(Requirement): An exact copy is needed of the lines from the one that contains "Oak 3 Door Wardrobe" through the final line of the data below, with pictures left out.
*** Opening of Task input ***
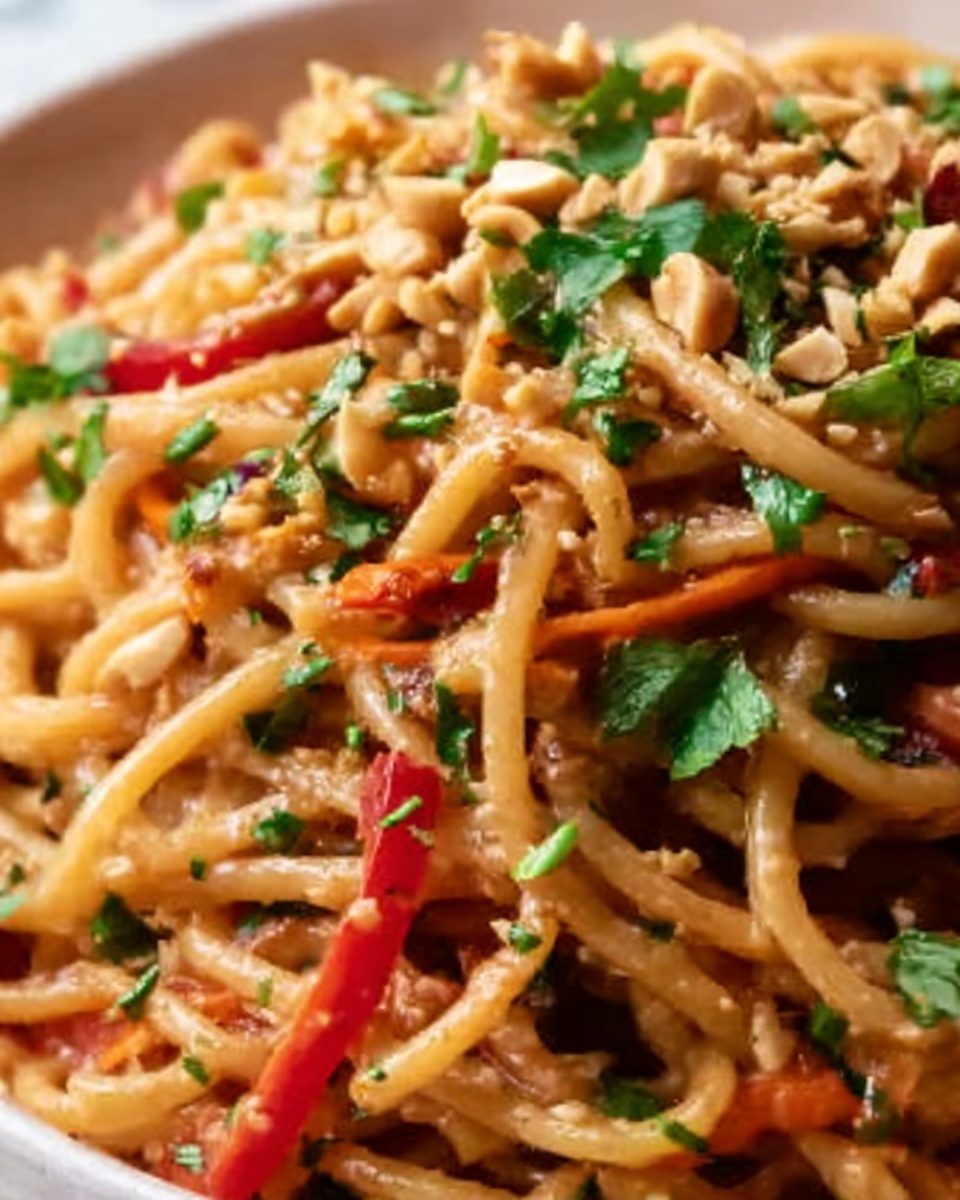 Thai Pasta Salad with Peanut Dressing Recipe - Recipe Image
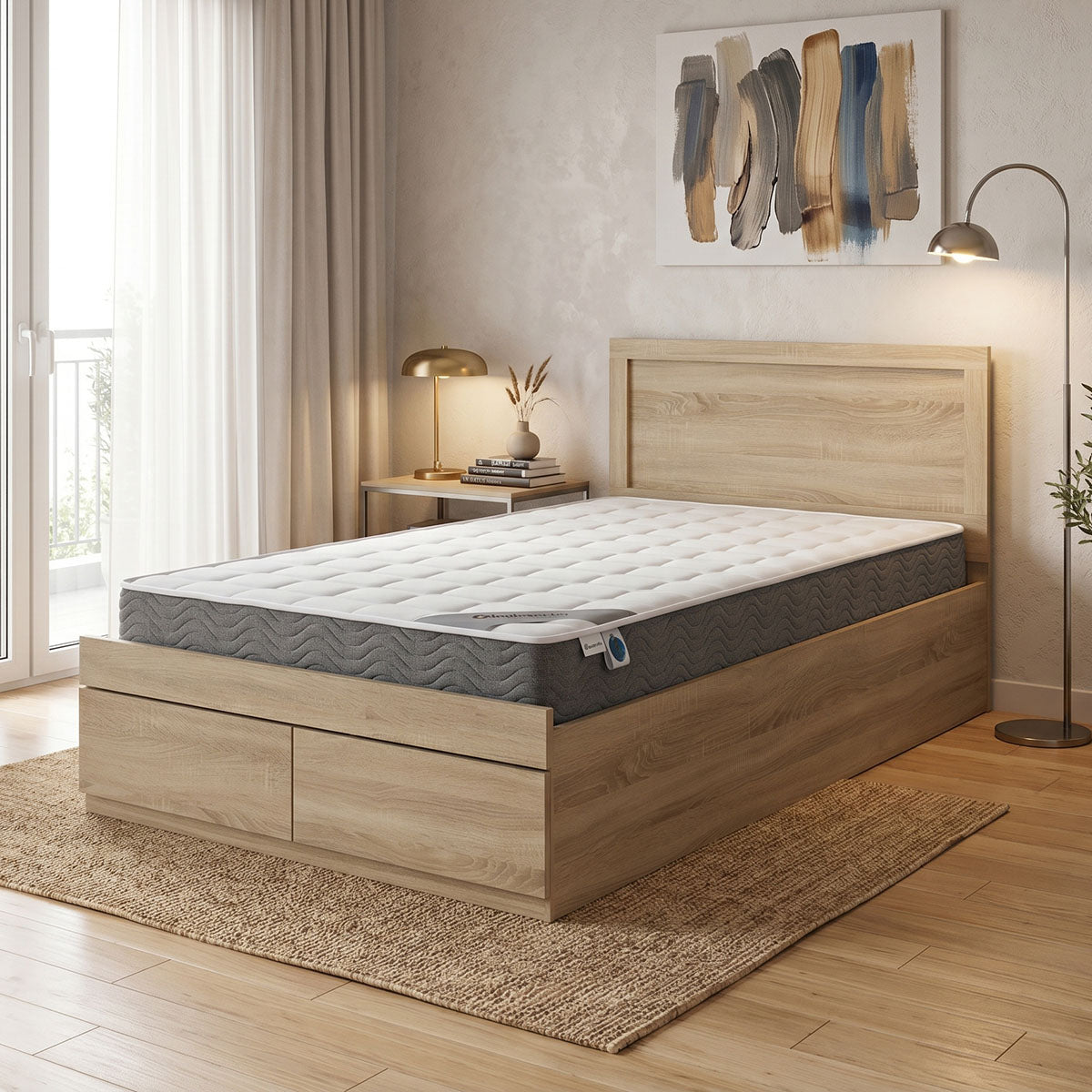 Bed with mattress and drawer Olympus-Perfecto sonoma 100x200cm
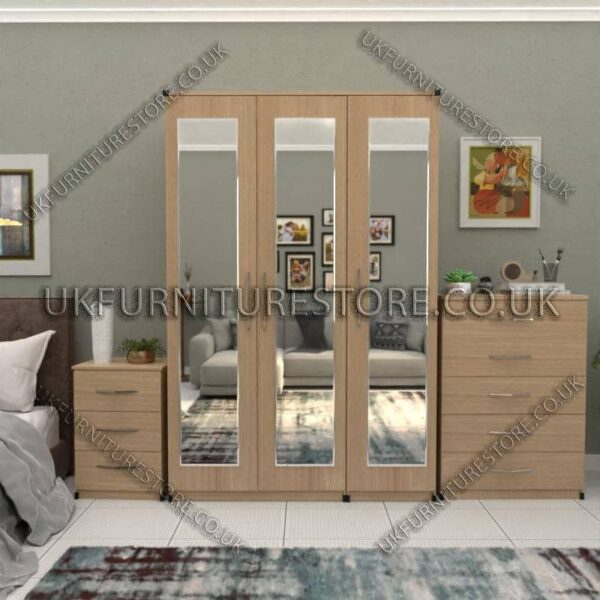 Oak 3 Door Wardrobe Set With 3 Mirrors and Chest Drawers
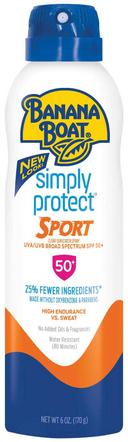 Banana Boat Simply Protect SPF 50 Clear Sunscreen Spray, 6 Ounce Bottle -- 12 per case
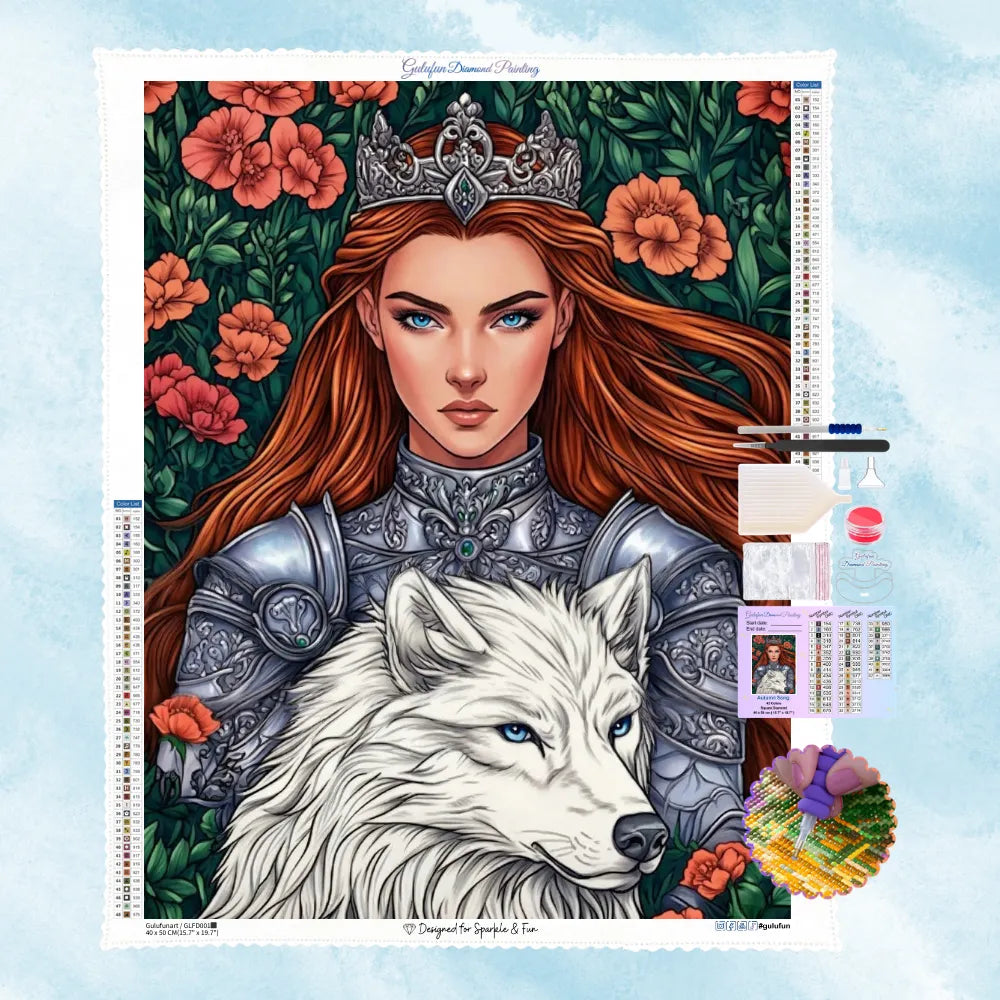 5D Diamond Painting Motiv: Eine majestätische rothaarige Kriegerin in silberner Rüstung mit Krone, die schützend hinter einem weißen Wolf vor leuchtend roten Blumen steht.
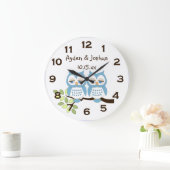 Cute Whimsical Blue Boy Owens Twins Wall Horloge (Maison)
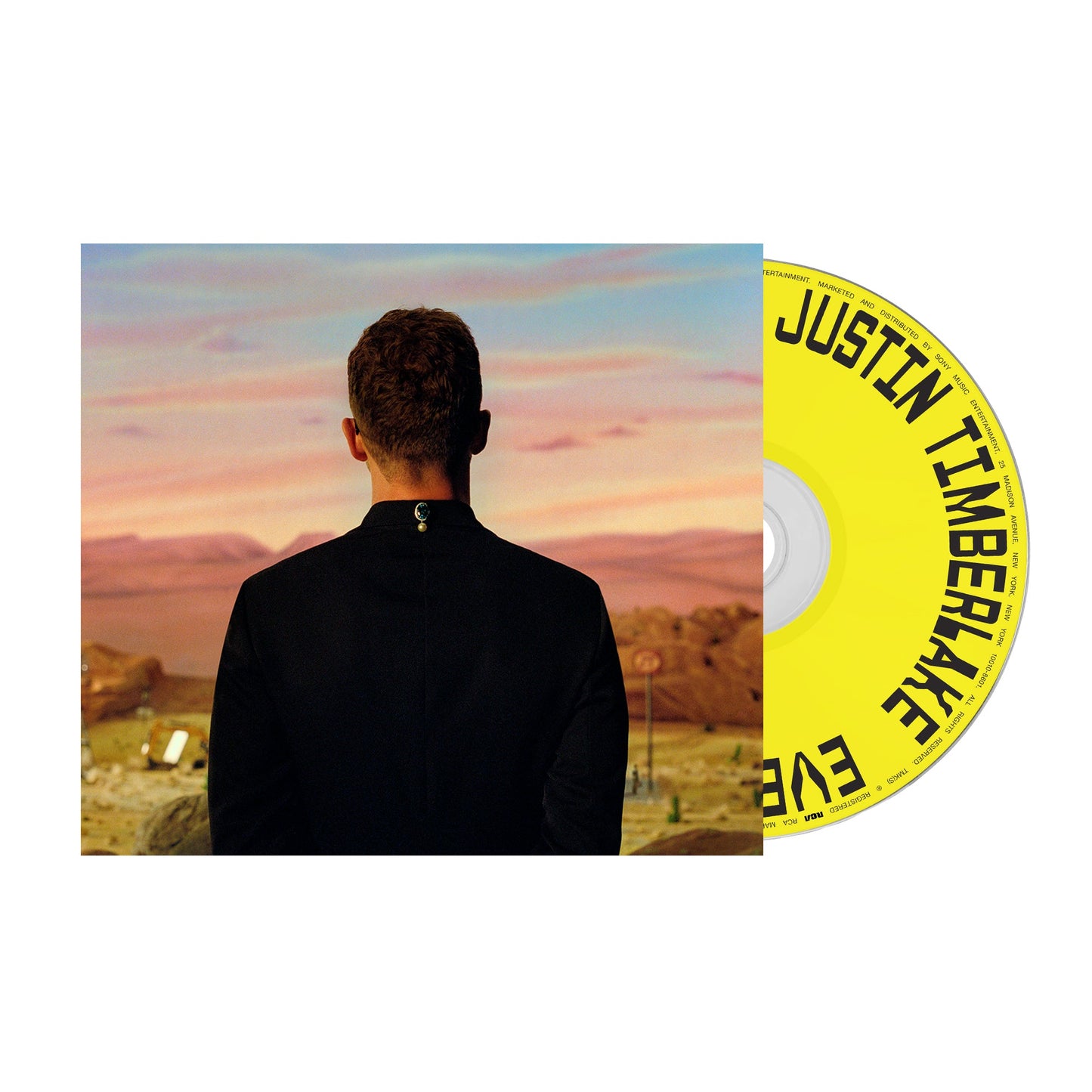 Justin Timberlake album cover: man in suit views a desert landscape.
*** Close of Task input ***
(Finished task):
 Oak 3 Door Wardrobe Set With 3 Mirrors and Chest Drawers
 Banana Boat Simply Protect SPF 50 Clear Sunscreen Spray, 6 Ounce Bottle -- 12 per case
 5D Diamond Painting Motiv: Eine majestätische rothaarige Kriegerin in silberner Rüstung mit Krone, die schützend hinter einem weißen Wolf vor leuchtend roten Blumen steht.
 Cute Whimsical Blue Boy Owens Twins Wall Horloge (Maison)
 Justin Timberlake album cover: man in suit views a desert landscape.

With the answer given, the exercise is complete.